I am posting this short BLOG now rather than wait to recount our entire trip. The full story will come later. These few high points will go along with the included photos. I must say I repeatedly had moments of great awe in walking through ruins and even buildings built long before the time of Christ. Then there were the Cathedrals, some started in the first millennium. The beautiful Catedral de Mallorca for example was started in the twelfth century and finished in the seventeenth.
Above photo is of Daphne on deck among all the ropes. On the second day aboard ship we sailed into the caldera of the huge volcanic eruption that destroyed Thira in the fifteenth century BC. We sailed right past the active volcano that now sits in the center of this circular harbor surrounded by islands that form the rim of the ancient caldera. Now called Santorini, the largest island may well be all that remains of the large island that many belive was the location of the legendary Atlantis. Views from the harbor of the steep cliffs and of the sloping island from its high points attest to the force of the volcanic explosion. It probably made Krakatoa look like a minor eruption.


What follows is about Santorini quoted from http://www.santorini.net/:



The wonderful beauty of the Santorini landscape and the deep blue sea filling the central caldera surrounded by red, black, purple, brown, and yellow rocks, speak of one of the largest natural catastrophes to occur during human antiquity in the Mediterranean. A feeling of awesomeness and forbidding remain with us today, some 3.600 years after this landscape was shaped by a tremendous volcanic eruption that devastated an island, reshaping it into the gorgeous scenery we visit now.




Before this huge eruption in the Late Bronze Age (LBA), the island looked very different than what we see today. That caldera and its steep walls existed then, having been created some tens of thousands of years ago by a prior catastrophic eruption. In LBA Minoan times the caldera was almost filled by a huge island that was itself a volcano. The sea surrounded that island as a narrow, shallow, circular waterway. Between this central island and today’s Akrotiri Peninsula a large embayment existed with deeper water to form a wonderful harbour.


On this ancient island, as well as on the modern islands of Thera, Thirasia and Aspronissi, Cycladic culture played a significant role. Their pasturelands, farms, towns, and cities, were on all of these islands. Everything on the central island was destroyed, blown to bits, by the gigantic eruption. On the modern islands, mere remnants of the ancient landscape and fragments of ancient cultural debris lie beneath the thick blanket of tephra deposited during the eruption. Those fragments interest archaeologists whilst the tephra interests volcanologists allowing us to put together a story of a natural disaster of unprecedented proportions.

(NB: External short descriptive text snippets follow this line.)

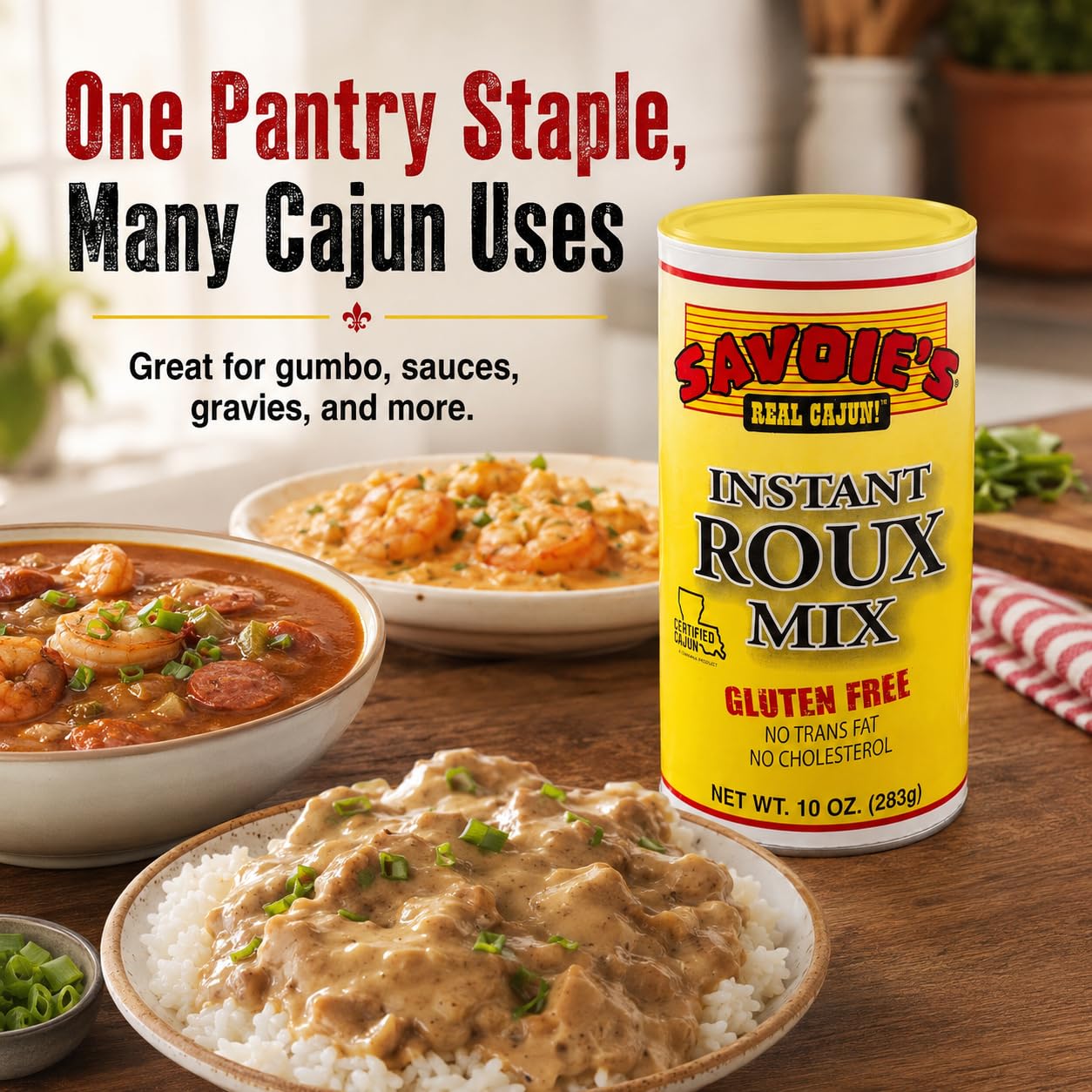 SAVOIE'S lifestyle shot serving gumbo showing easy home-cooking benefit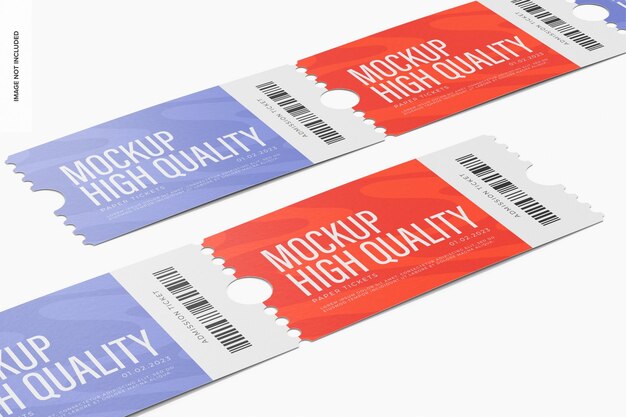 PSD admission tickets mockup, mosaic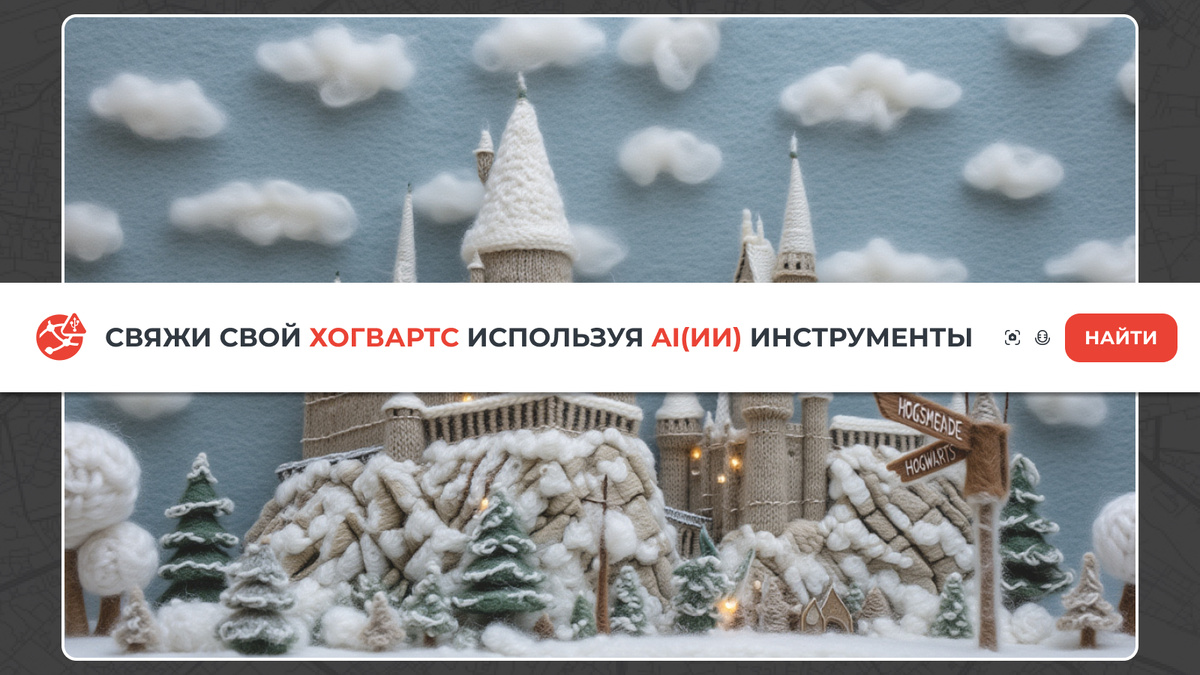 Вязаный Хогвартс с заснеженными башнями и елками - пример создания города нейросетями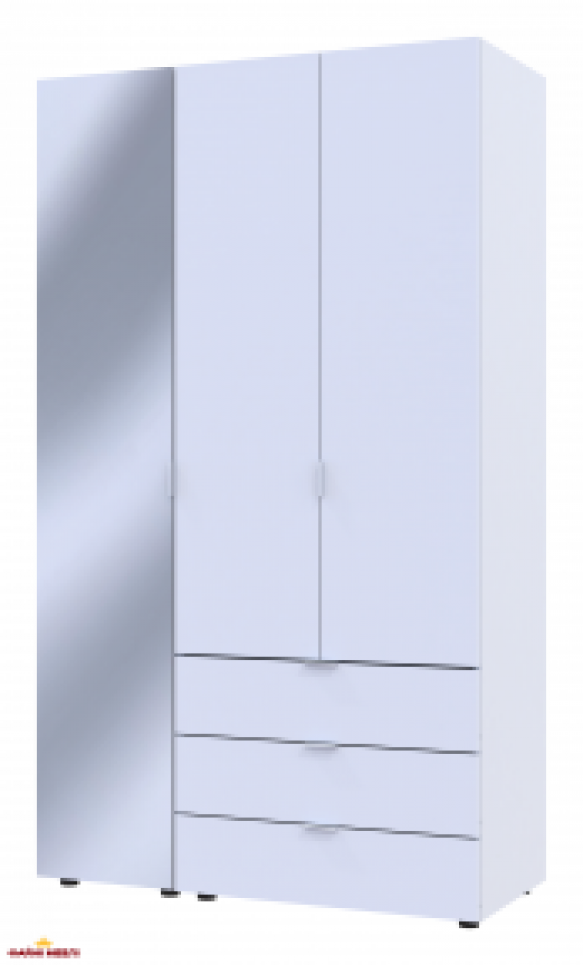 Шкаф для одежды Дорос Гелар белый 2-х дверный/Зеркало 116,5 см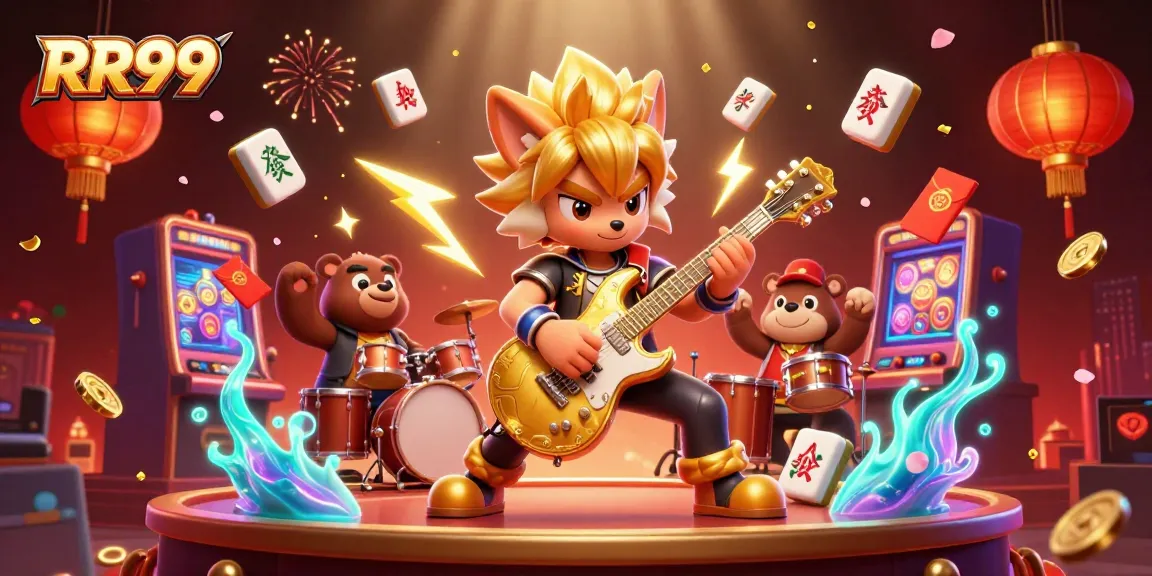 RR99 casino scene featuring a rock star wolf and drummer bear, surrounded by engaging game elements.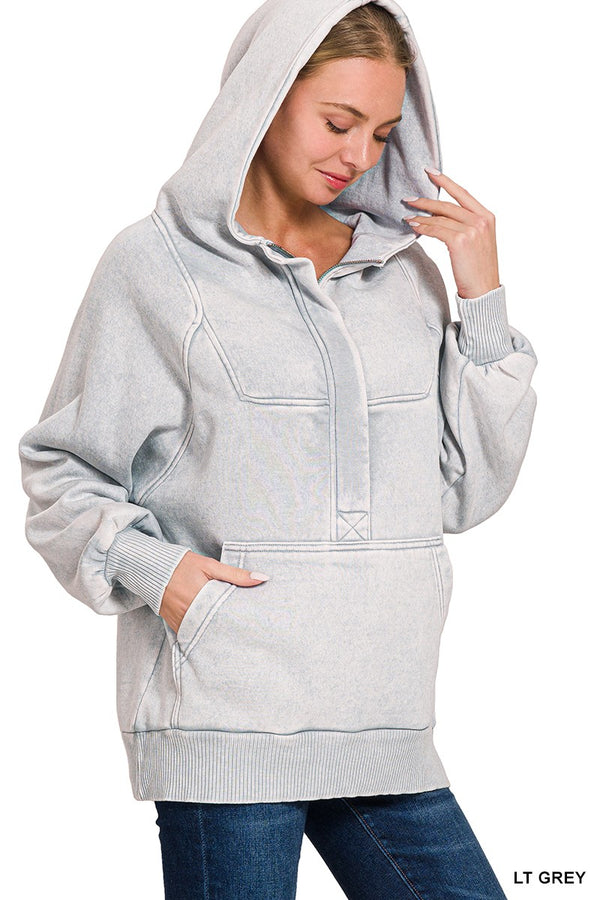 Mineral Wash Hooded Quarter Zip Top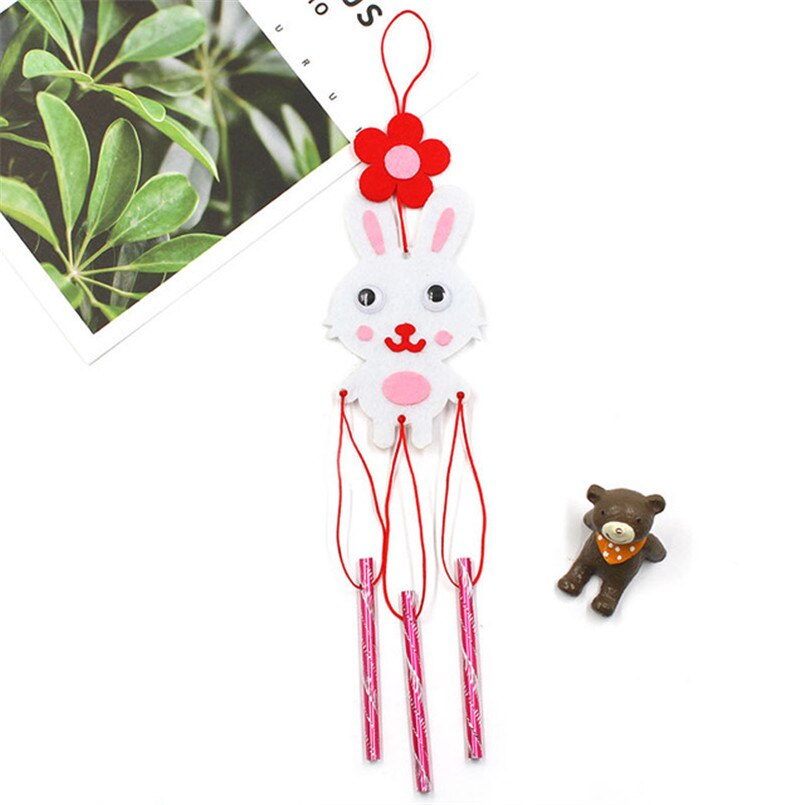 4Pcs/set Children DIY Wind Chimes Handmade Craft Toy Kits Wind Bell Arts Cartoon Hangings Stickers Kids Windbell Toys For Girls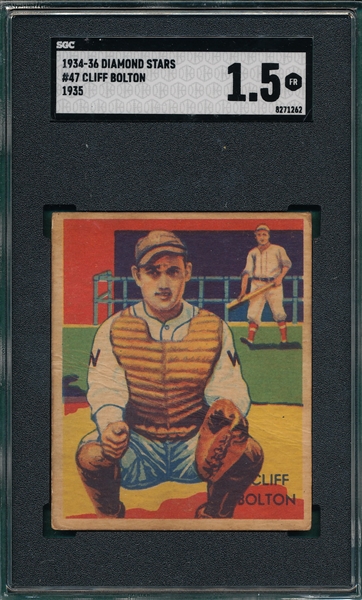 1934-36 Diamond Stars #47 Cliff Bolton SGC 1.5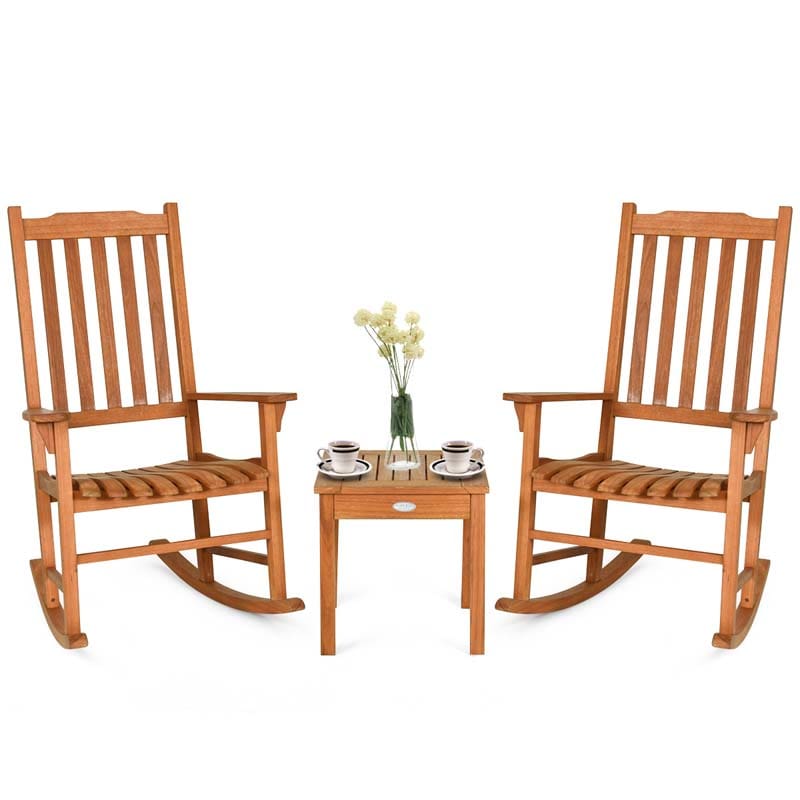 3 Piece Eucalyptus Wood Patio Rocking Chair Set, Outdoor Rocker Bistro Set with Coffee Table for Backyard, Balcony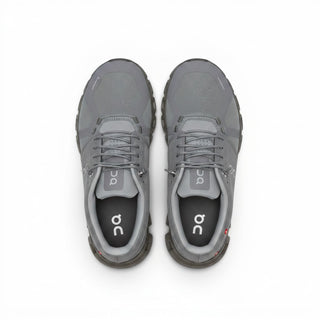 FWSports Shoes On Cloud 6 Waterproof sneakers in Apollo grey with a mesh upper and top-down view.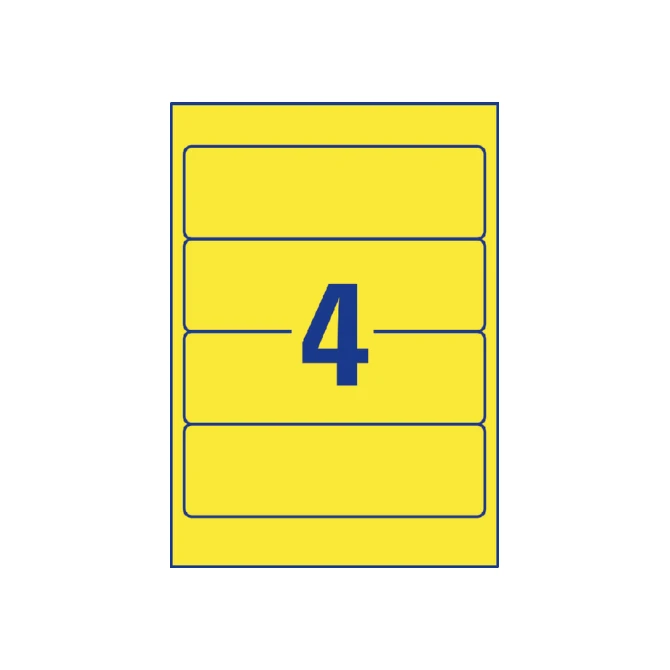 Rugetiket Avery breed 61x192mm zelfklevend geel 20 vel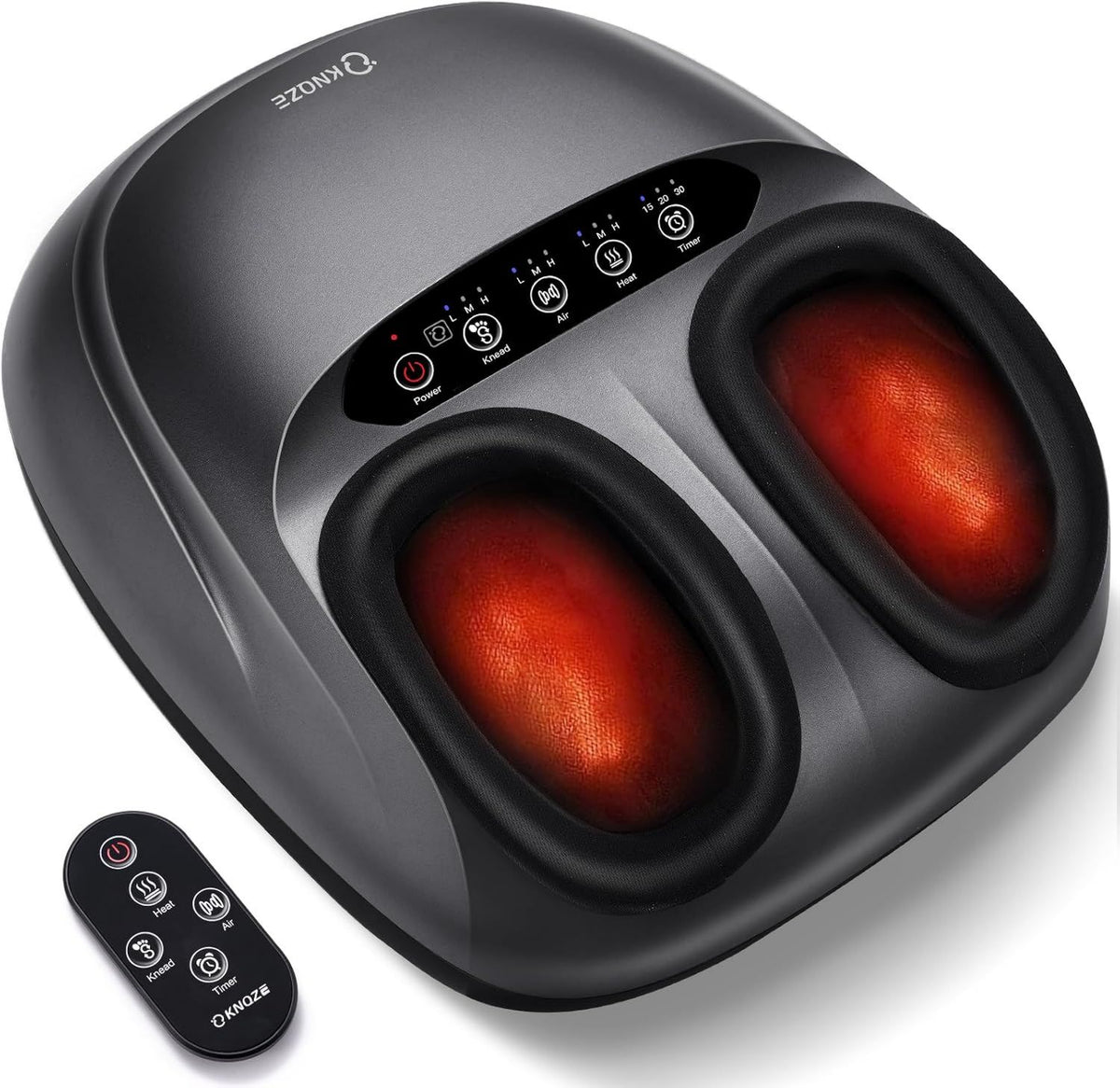 Appareil de massage ¨C massage Shiatsu, fonction chauffante, massage par compression d'air, sur pied, 3 Modes, gris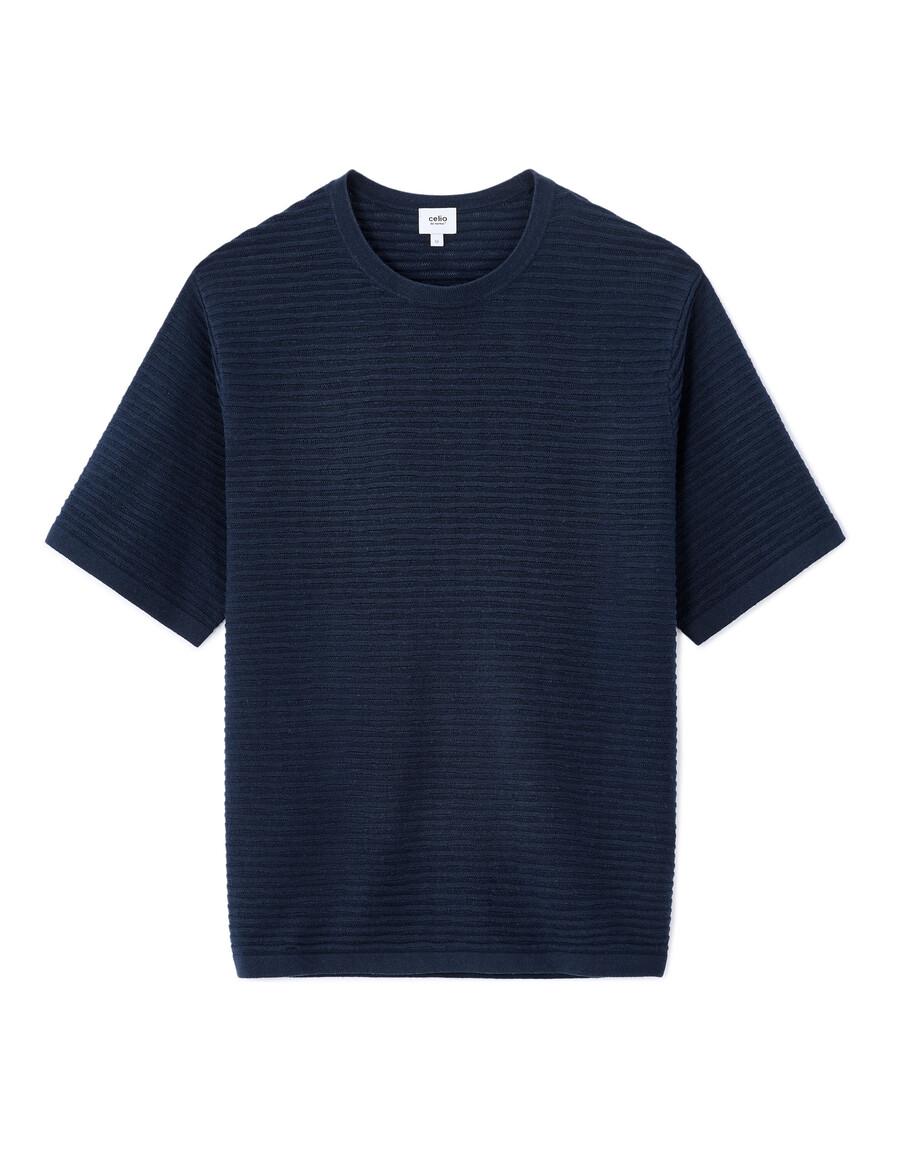 kastenförmiges t-shirt mit rundhalsausschnitt und durchbrochenem strickmuster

Imagine four, or more, days of violence and darkness, continuous earthquakes, hot ash flows sweeping across the island, heavy rainfall causing huge debris and mudflows that moved like sandpaper across the island landscape, tephra falling from the sky from the Nile Delta to the Black Sea, numerous tsunamis radiating out across the Mediterranean and Aegean Seas, vast rafts of pumice floating all over the region. This was the eruption. A landscape was changed forever. It seems doubtful that the ancients knew that volcanoes, especially this one, could explode with such tremendous violence. To these people, the Cycladians escaping Santorini and the Minoans on Crete, this must have been quite a surprise, the stuff of legends and mythology.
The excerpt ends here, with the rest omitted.